Koronavirüs salgını sanal yaşamı ortaya çıkarırken esnek çalışma, esnek eğitim vb. süreçler de hayata geçiriliyor. Sanal gerçeklik ya da post gerçeklik, gerçek dünyaya ilişkin bir durumun bilgisayar tarafından yaratılmış üç boyutlu bir görüntü içinde, kullanıcının duygusal olarak algıladığı bir sistemler bütünüdür. Yani gerçeğin yeniden inşa edilmesidir. George Orwell’ın, “Bir toplum gerçeklerden ne kadar uzaklaşırsa, gerçeği söyleyenlerden o kadar nefret eder” sözü, bugün insanlığa dayatıldığını görmemizi sağlıyor.
Post-gerçeklikle postmodernizm, kapitalist modernitenin sadece birer türevi olduğu ve gerçeklerin geniş halk yığınlarından saklanması, kapitalist sömürünün sürdürülebilmesinde önemli bir nokta olduğu, bize yani insana uzak bir kavram olarak algılarımıza oturtulmaktadır. Foucault’un, hangi koşullar altında, hangi iktidar mekanizmalarının, hangi bilgiyi ürettiği ve bu bilgiyi isimlendirip onu nasıl doğallaştırmakta olduğunu belirten sözleri Endüstri 4.0’ın özeti gibi.
Günümüzde tüm değerler post-modern hale getirildi. Post-modernleşen değerler gerçek olmayana yani gerçeküstüne olan ilgiyi arttırmaktadır.

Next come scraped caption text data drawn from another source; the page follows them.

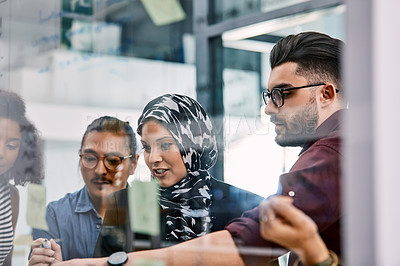 Buy stock photo Shot of a group of young businesspeople planning and writing notes on a glass wall in an office at work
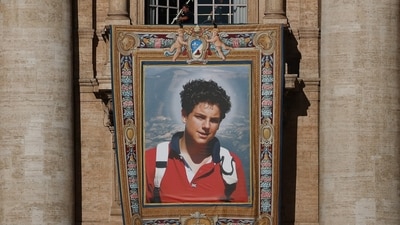Carlo Acutis, who died aged 15, learned computer code to build websites to spread his faith. (REUTERS)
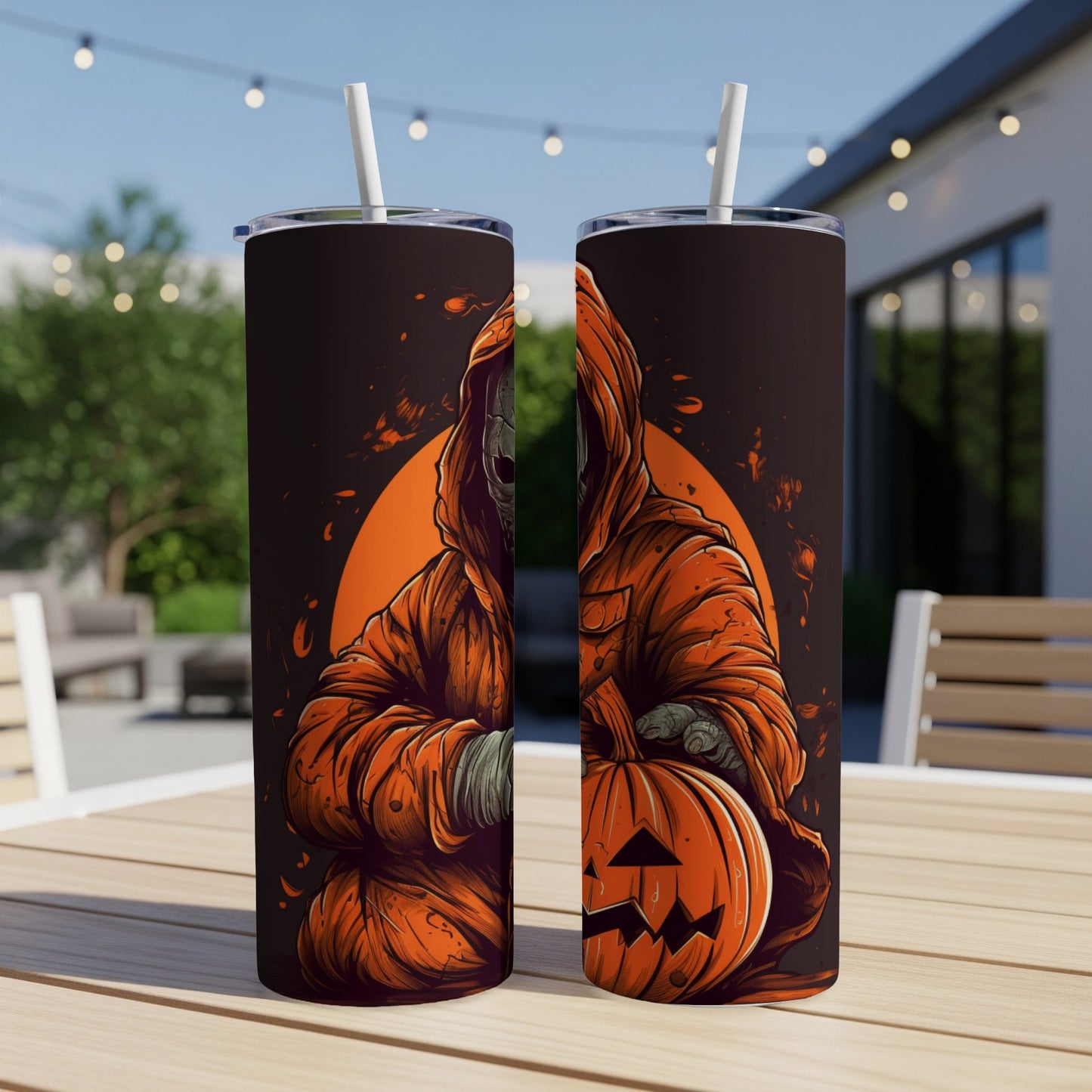 Two tumblers feature a Halloween design of a hooded figure holding a jack-o'-lantern.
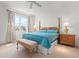 Cozy bedroom featuring a decorative bed, side tables, and a window with a view at 3456 Parkridge Cir # 33-105, Sarasota, FL 34243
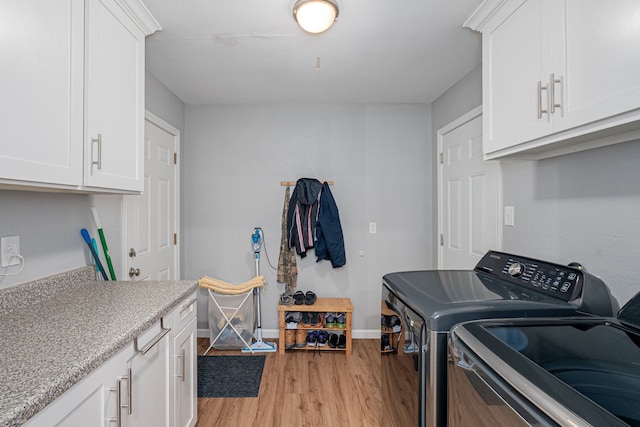 200 Settlers Bnd, Lowry Crossing, TX 75069 - washroom with independent washer and dryer, light wood-type flooring, cabinet space, and baseboards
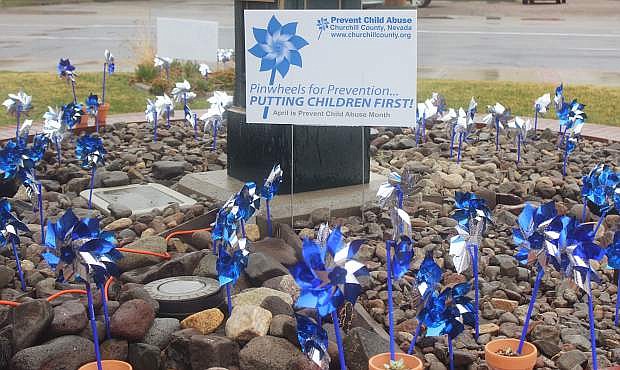 Pinwheels, each representing an investigation for child abuse, were planted in Fallon last week.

Küreselleşme sürecinde itibar ve kabul görme, onaylanma gibi içsel ihtiyaçların parasal alan üzerinden sağlandığı yanılsaması yaratılmıştır. Bunun yanında yok edilen doğal yaşam, ormanlar, tarım arazileri, su havzaları vd. yaşamsal değerler ve naklen yayınlanan savaşlara tepki verme biçimimizin bu sanal süreçle uyumluluk içinde olduğunu görebilmekteyiz. Newroz ve 1 Mayıs eylemlerine yönelik, sanal ortamalarda veya evlerimizde kutlama çağrılarında her ne kadar salgın gerekçe gösterilse de bizlere dayatılan sanal sürece epey alışmaya başladığımızın ciddi işaretleri vardır.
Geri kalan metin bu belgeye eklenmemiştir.